Their benchmark is a simpler strategy that uses only past 12-month return for trend signals and inverse volatility weighting with annual volatility target 40% for each asset. Their asset universe consists of 66 futures/forwards. They roll futures to next nearest contracts on the first day of the expiration month. They calculate returns to currency forwards using spot exchange rates adjusted for carry. Using daily prices for 23 commodity futures, 13 equity index futures, 11 government bond futures and 19 developed and emerging markets currency forwards as available during August 1959 through December 2017, they find that:

  • Compared to the simple rule, the complex trend determination rules (see the table below), c:
    • Generate slightly higher net average annual excess return and net annual Sharpe ratio.
    • Generate modestly higher net annual Sortino ratio.
    • Suffer modestly shallower maximum drawdown.
    • Specify moderately lower leverage.
    • Drive substantially to slightly higher portfolio turnover (and is thus more sensitive to level of trading frictions).
    • Hold substantially fewer positions.
  • Compared to inverse volatility, risk parity weighting (again, see the table below):
    • Generates materially higher net average annual excess return and Sharpe ratio.
    • Generates materially higher Sortino ratio.
    • Suffers modestly to slightly shallower maximum drawdown.
    • Requires higher leverage.
    • Drives much higher turnover (and is thus much more sensitive to level of trading frictions).
  • Results are qualitatively similar for 150 and 100 values of n, and for different half-lives in covariance calculations.

The following table, extracted from the paper, summarizes net performance statistics and characteristics of four strategies applied to the assets specified above during 1961-2017:

  1. Simple trend following based on sign of 12-month past return, with equal volatility weighting.
  2. Complex trend following based on sign of 12-month past return plus recent price channel signal, with equal volatility weighting.
  3. Simple trend following based on sign of 12-month past return, with risk parity weighting.
  4. Complex trend following based on sign of 12-month past return plus recent price channel signal, with risk parity weighting.

For equal volatility portfolios, each asset has 40% annual volatility target.
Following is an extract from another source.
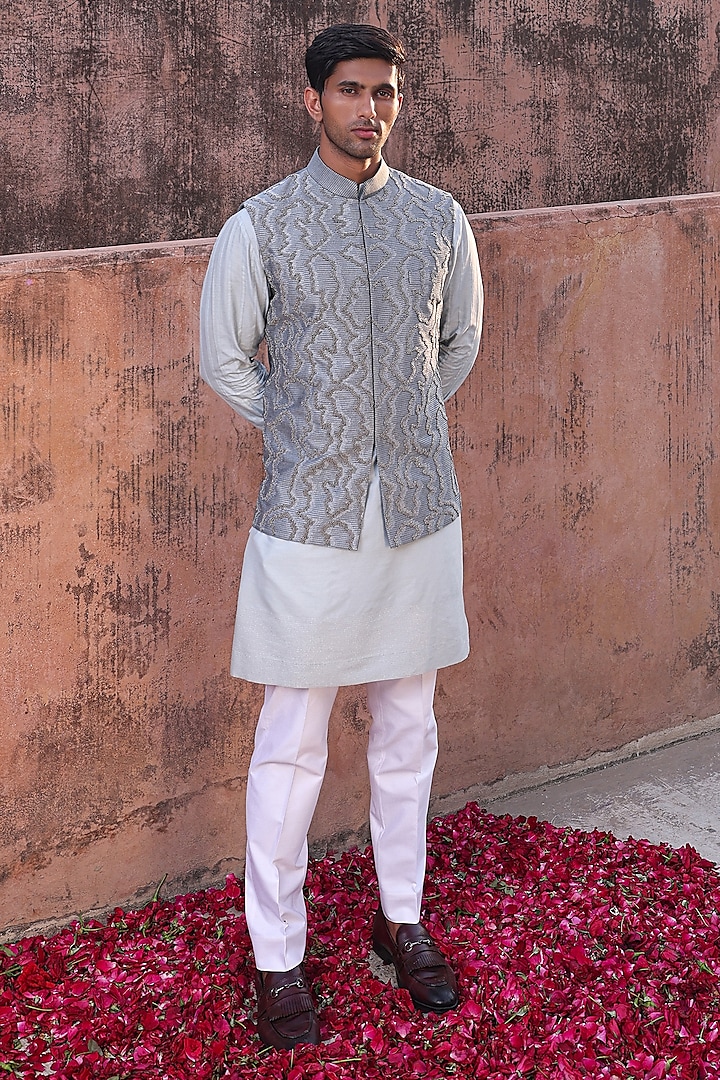 Sky Blue Dupion & Katan Silk Nehru Jacket Set by Abkasa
For risk parity portfolios, annual portfolio volatility target is 10%. Finally, for comparison, results for all portfolios are retrospectively adjusted to 10% annual volatility. To ensure availability of required information, there is a lag of one trading day between signal and execution.
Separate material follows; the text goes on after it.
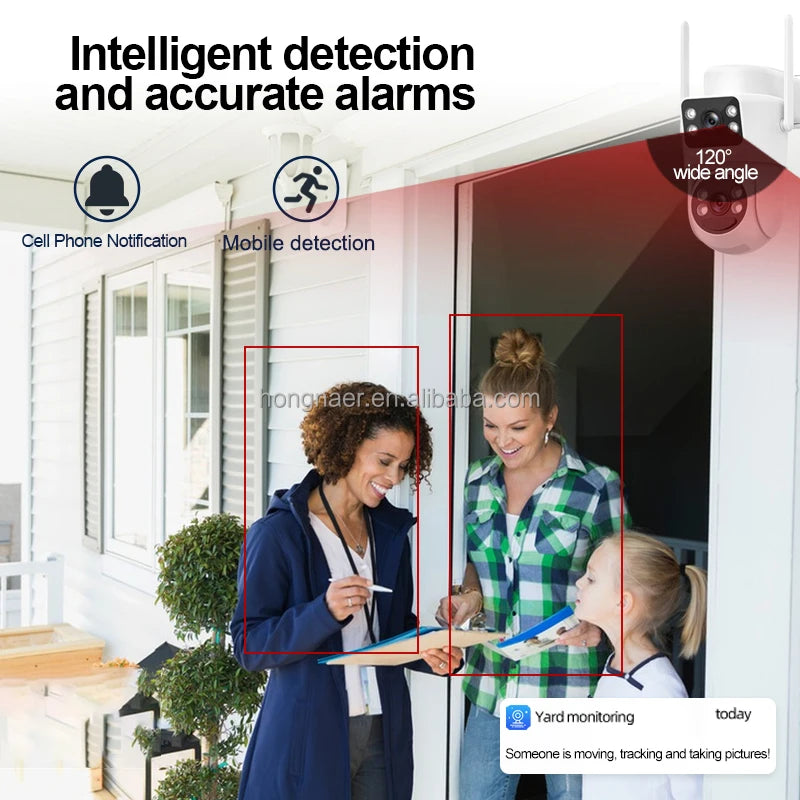 Caméra de Surveillance Hongnaer 6 MP | PTZ, Double Objectif, Wi-Fi Double Bande et Alimentation Solaire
Findings suggest that complex trend rules with risk parity weighting perform best, but drive high turnover, so findings are sensitive to assumed level of trading frictions.

In summary, evidence suggests that investors can improve the performance of a simple trend following strategy by filtering trend signals with a breakout rule and using risk parity to assign asset weights.

Cautions regarding findings include:

  • As demonstrated, complex trend following rules and (especially) risk parity weighting increase strategy turnover and thereby trading frictions. The level of trading frictions assumed in the study may be low for some investors, and it is very difficult to model frictions over a 57-year history. A higher level of frictions could reverse findings.
  • Testing multiple strategies on the same data introduces data snooping bias, such that the best-performing strategy overstates expectations. Further snooping bias may derive from experimental selection of added strategy features (breakout rule and risk parity weighting) and experimental assignment of parameter values (return lookback interval, value of n and half-life used in covariance calculations).
  • Calculating risk parity weights as specified is beyond the reach of most investors, who would bear fees for delegating to a fund manager.